Natasha Lyonne is up for three Emmy’s this Sunday. Her show, Russian Doll, has been nominated for 13 in total. I loved that show and have started paying much more attention to Natasha but I clearly knew nothing about her. Like that she’s been acting since she was six, or that she’s been dating Fred Armisen since 2014 and they met through her friend Maya Rudolph. I also didn’t know Chloë Sevigny has been Natasha’s best friend through thick and thin. By that I mean Natasha’s heroin addiction and tabloid worthy bad behavior that she didn’t shed until court-appointed rehab in 2006. Now that Natasha is 40, she’s back on top and knows what she wants from life. One thing she definitely does not want is a baby.
On people telling her to have kids: Go fuck yourself. Let me live my life. I maintain that one out of 5,000 people should have a child. To me, that would be statistically more sane. It’s not that I’m inherently averse to children, although maybe I am. I admire greatly all my friends who have kids. But one of the great reliefs about turning 40 is people start backing off.
On Aging: I’m keenly aware that I’m getting older. I’m very into it. I’m much happier on this side. I would say the underlying anxiety I experienced around turning 40 is just looming mortality. It’s emboldening me to really do the things I want to do before it’s too late.
On her mother: Chloë happens to be the coolest person in the world—my mother was not. She was a messy person. It was a very meta trip, to be filming the show with Chloë, looking around our stomping grounds, but now all the trailers and signs were for the show I created. And being in the editing room with the footage and watching her with a young version of me was almost a way to forgive my mother.
On the continuation of Russian Doll: There’s so much in that show that’s deeply autobiographical. So it’s very funny to me that people think that’s the whole story.
On holding other women up: The older I get, the more I feel protective over young people—particularly outsider women. I want to tell them there’s not only space for their underlying otherness, but also that, sometimes, what we experience as lows and rejections are because that’s not actually the best outcome. If I’m not this broken person, then I’m suddenly freed up to be much more available to the world.
I like all of what she said here. As you know, I was one of those people who thought a second season of Russian Doll would ruin it but her comments take most of that worry away. The first season was so well done, I should trust the creators when the say the story isn’t finished. And she nailed it with her comments about becoming protective of younger women. That’s so true, isn’t it? The media would have us believe that all women over 35 resent younger women for their youth, but I’ve never felt that. My first reaction is usually to jump in and defend a young woman rather than join in a pile up.

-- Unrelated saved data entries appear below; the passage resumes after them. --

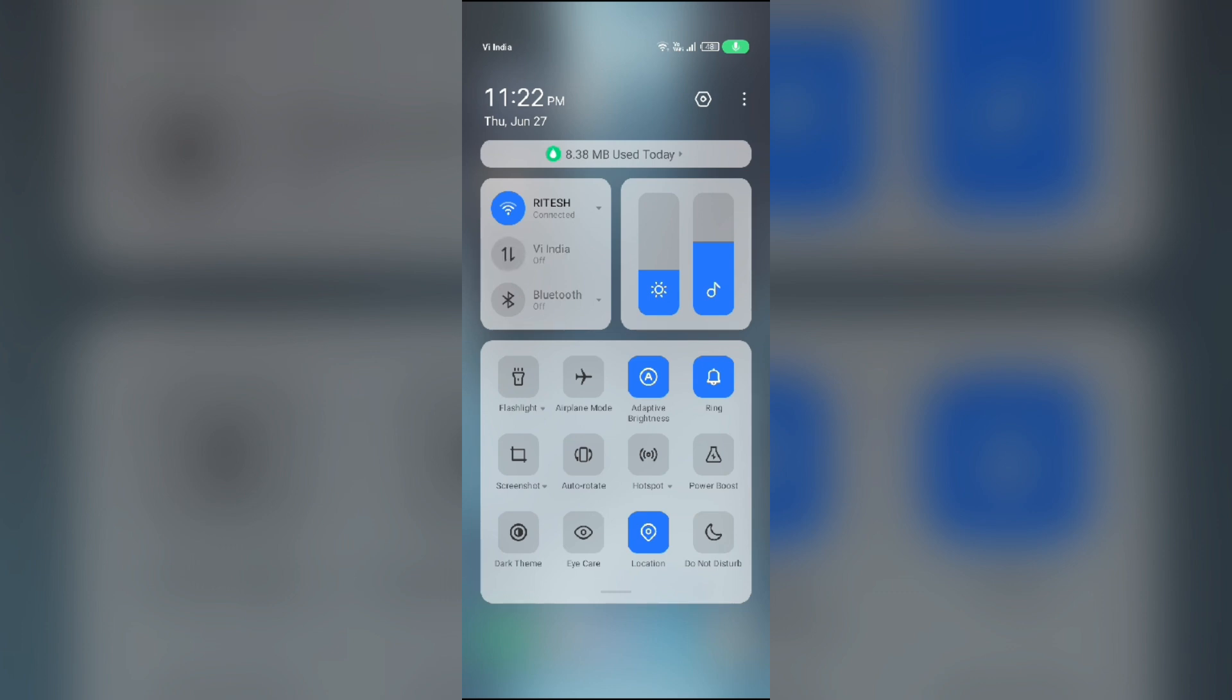Then switch it back on. For Wi-Fi users, turn off Wi-Fi for the same duration and then turn it back on.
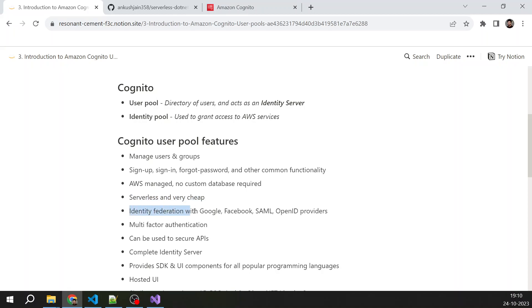Another thing is identity federation with Google, Facebook, SAML, Open ID provider. So if you create a user pool and you create a login page on your application and you want that the users should be able to authenticate themselves from Google, Facebook, or any other third party provider which supports OAuth or Open ID or SAML. So you can just do that with a Cognito user pool.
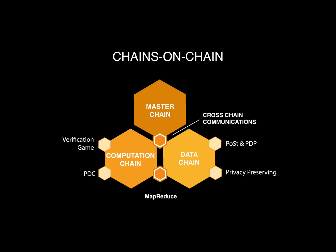Computing chain is responsible for executing parallel computations. Data chain stores big data and supports the computing chain.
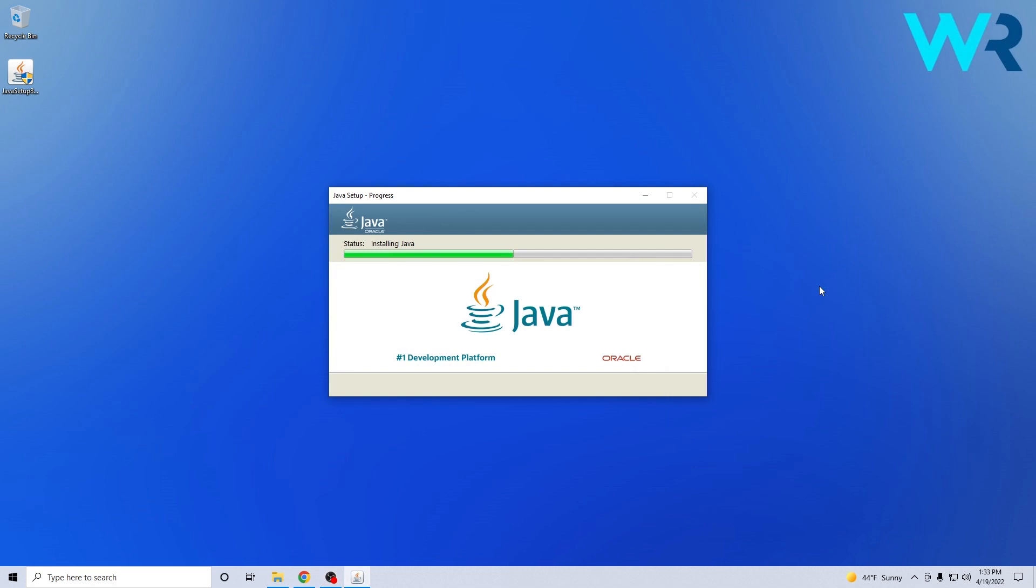Now all you have to do is wait a bit until the installation will be finished and that's pretty much it. You have now installed Java on your Windows 10.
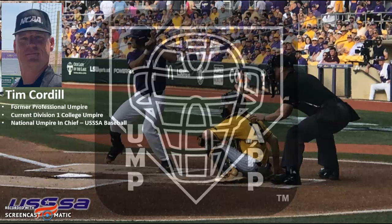Umpires, my name is Tim Cordell, former professional umpire, current Division I college baseball umpire, and national umpire in chief for USSS Baseball.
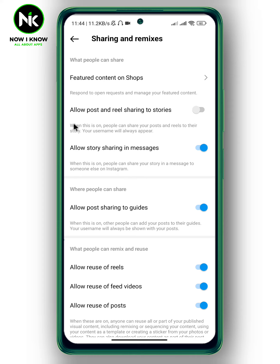Here you'll find 'Allow posts and reel sharing to stories.' It says: when this is on, people can share your posts and reels to their story and your username will always appear. Toggle that on.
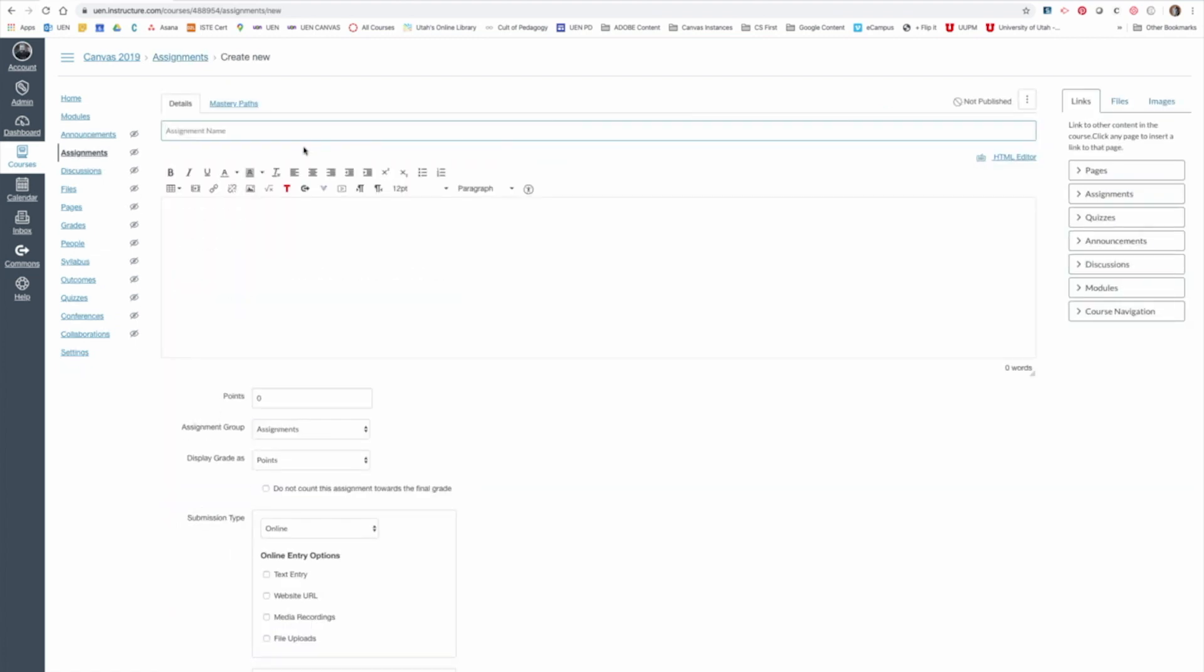I'll title this assignment the same as the Nearpod lesson which will be Martin Luther King Junior Day Celebration. I don't have to put any directions down here in the assignment box at all. Nearpod will take care of everything for me because it will embed the lesson right there.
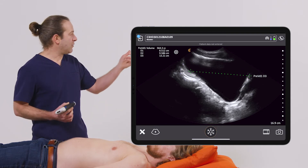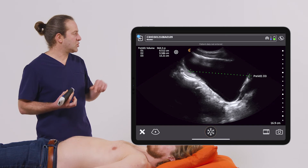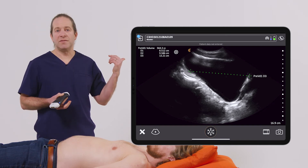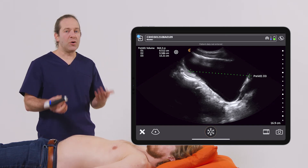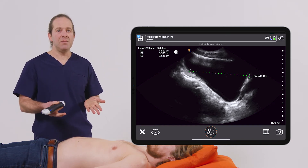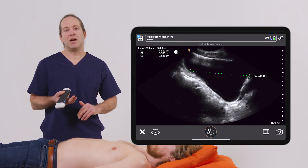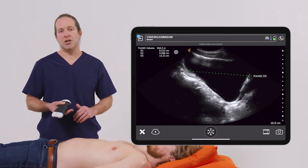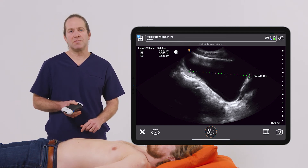The app itself will calculate for me the pre-void residual of 564 cc's in this case. I can perform the same scan again post-void, to compare the two and see if there really are signs of urinary retention to help facilitate my diagnosis.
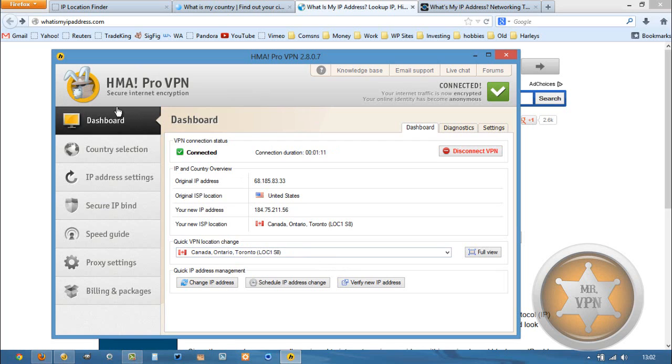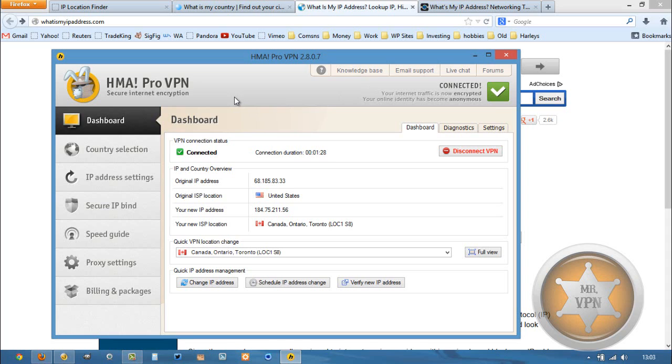There are actually quite a few different VPN services that offer Canadian IPs. I'll put a link to my Canadian page on my website as well. And you can compare prices and features and access to other server locations and things like that. And that's located on my own website. So you're welcome to check that out as well.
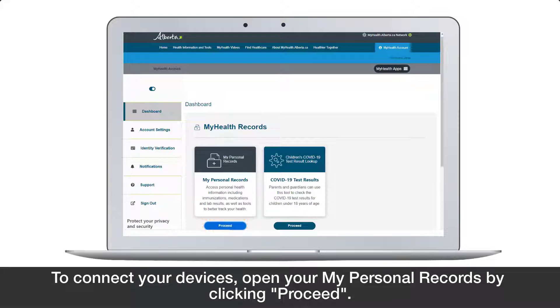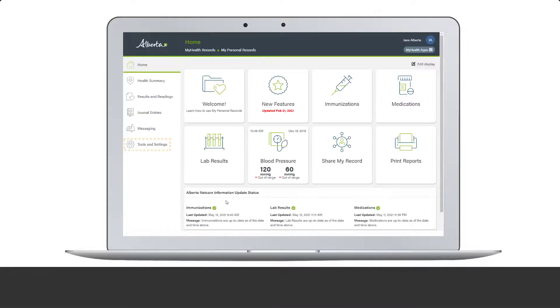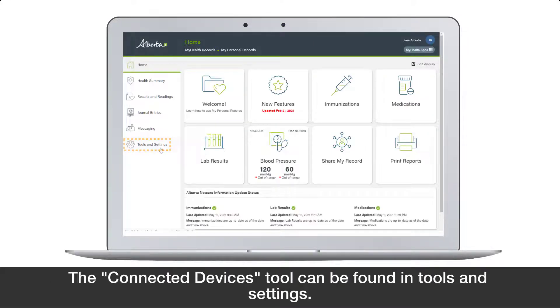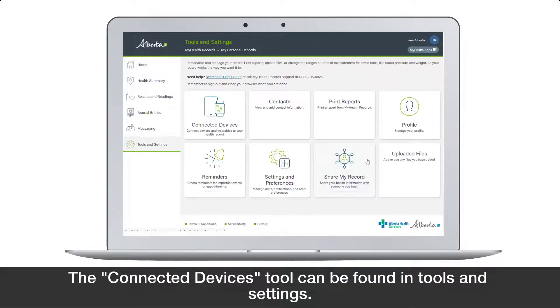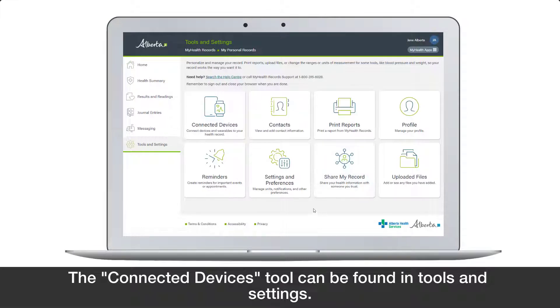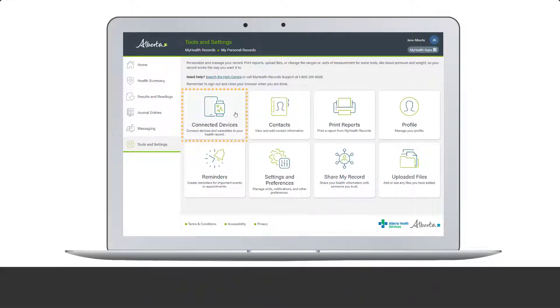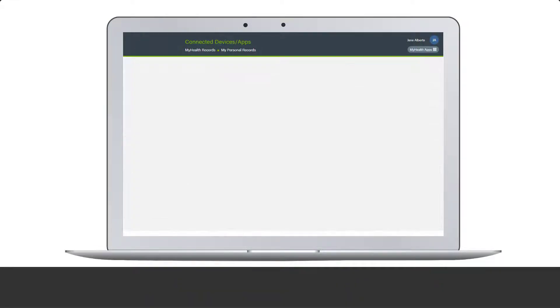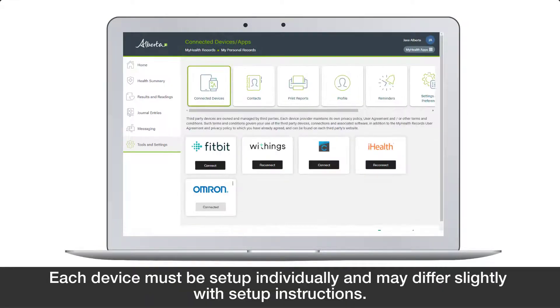To connect your devices, open your My Personal Records by clicking Proceed. The Connected Devices tool can be found in Tools and Settings. Each device must be set up individually and may differ slightly with setup instructions.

As for her thoughts on kids, again, I agree. Maybe not the 1 in 5,000 part, (although she might be right about the statistics) but about the go eff yourself to those insisting people have kids. I’ve never understood the argument that a person will regret not having kids later in life – how would anyone other than the person deciding possibly know that? If someone says they definitely want kids, they get universally supported. But if a woman says they definitely do not want kids people tell them they’re wrong or making a mistake. After everything Natasha has been through, I really think she knows what she wants from life.